Eccellenza, come deve intendersi il ruolo dei laici all’interno della chiesa?
«L’anno scorso parlavo di queste cose, ma non sono sicuro di essere stato compreso. Quando parlavo dell’impegno dei laici non mi riferivo a quelle persone che danno una mano a livello parrocchiale, anche se c’è bisogno anche di questo, ovviamente. L’impegno dei laici significa impegno delle persone che sul proprio posto di lavoro esprimano la loro fede cristiana. Abbiamo bisogno di buoni professori, educatori, buoni politici, operatori sociali. Di persone, cioè, che queste cose le sappiano fare tenendo sempre presente il Vangelo. C’è bisogno di dare una svolta alla politica. E’ venuto meno il senso vero della politica come servizio al bene comune. A volte è solo una lotta per mantenere il proprio posto di potere».

Qual è il “polso” della Diocesi monrealese alla luce degli ultimi avvicendamenti all’interno di diverse parrocchie?
«Alcuni sono stati effettuati per a motivi anagrafici. Qui poi c’è stato un fenomeno: quello delle lunghe permanenze di diversi decenni. E quando si rimane per molto tempo si può essere condizionati dalle famiglie, perfino sul piano politico. Va poi considerata la diminuzione considerevole dei sacerdoti e di contro una pastorale che ancora rimane legata a forme di culto che esigono molta dedizione da parte del sacerdote, con scarso respiro evangelizzante.
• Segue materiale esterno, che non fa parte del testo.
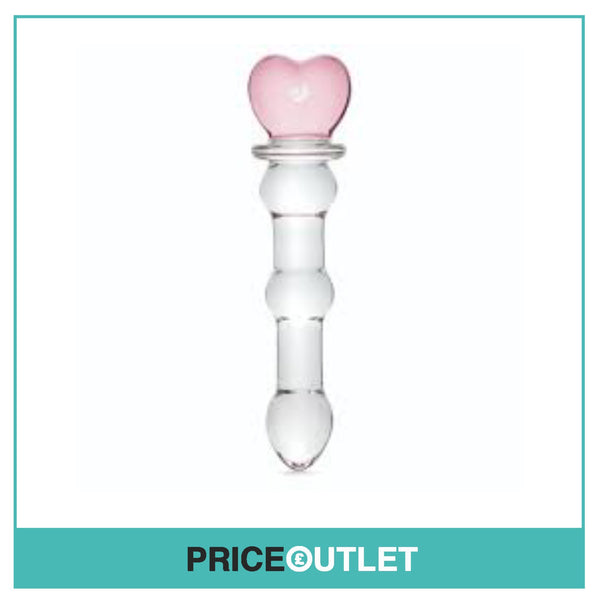 Crystal Glass Dildo G-Spot Massager Wand Anal Plug Butt Plug Sex Toys BDSM Adult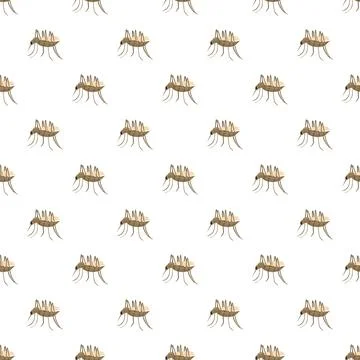 Mosquito insect pattern creating pest control background 스톡 일러스트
Così facendo, non si raggiungono i “lontani”, ci si impegna a superalimentare i “vicini”. In poche parole: meno processioni o meno novene e più tempo e più spazio per evangelizzare, realizzando iniziative per coinvolgere anche gli altri. Devo poi rilevare che c’è quel “cortilaccio” che soffia sui difetti piuttosto che sui pregi. Per questo c’è bisogno di una grande opera di bonifica, io la chiamo così. Dobbiamo pensare ad una conversione della nostra pastorale. Fatta di disinteresse e di trasparenza. Dovrebbe essere nostro primo impegno quello che nessuno debba poter mettere una spilla sulla persona. Certo, ci sarà sempre chi la metterà, lo hanno fatto pure con Cristo, però, dobbiamo avere questo compito. Non dare adito ad altri di pensare chissà che cosa».

A chi va l’augurio speciale per questo Natale?
«Il Natale è un annuncio di pace per tutti gli uomini di buona volontà. Abbiamo bisogno di pace, che deve essere il primo bene e - come ha detto Sua Santità Benedetto XVI - tutti sono responsabili di tutti. La pace, quindi, dipende un pochino da ciascuno di noi. Gli auguri per questo Natale non siano parole vuote, ma nella luminosità della povertà del Presepe, portino conforto a quelli che lavorano, a quelli che non lavorano o perché sono in attesa di occupazione, o perché l’hanno persa. Un augurio agli anziani, alle persone sole, alle famiglie disgregate, agli emigrati che hanno lasciato la nostra terra per motivi di lavoro, ma che sempre hanno nel cuore la loro Patria. Un augurio ai carcerati e alle loro famiglie. Devono certamente riparare alle ingiustizia commesse, ma la nostra preghiera vada anche a loro , perché abbiano occasione di ravvedersi. Ed un augurio, infine, per un futuro pieno di speranza».